» Information provided
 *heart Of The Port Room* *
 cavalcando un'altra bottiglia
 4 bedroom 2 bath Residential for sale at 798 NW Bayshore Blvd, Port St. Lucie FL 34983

» What you are asked to do
Could you say how many lines in the data above contain "Port"? Reply with the number alone.

» Solved problem
2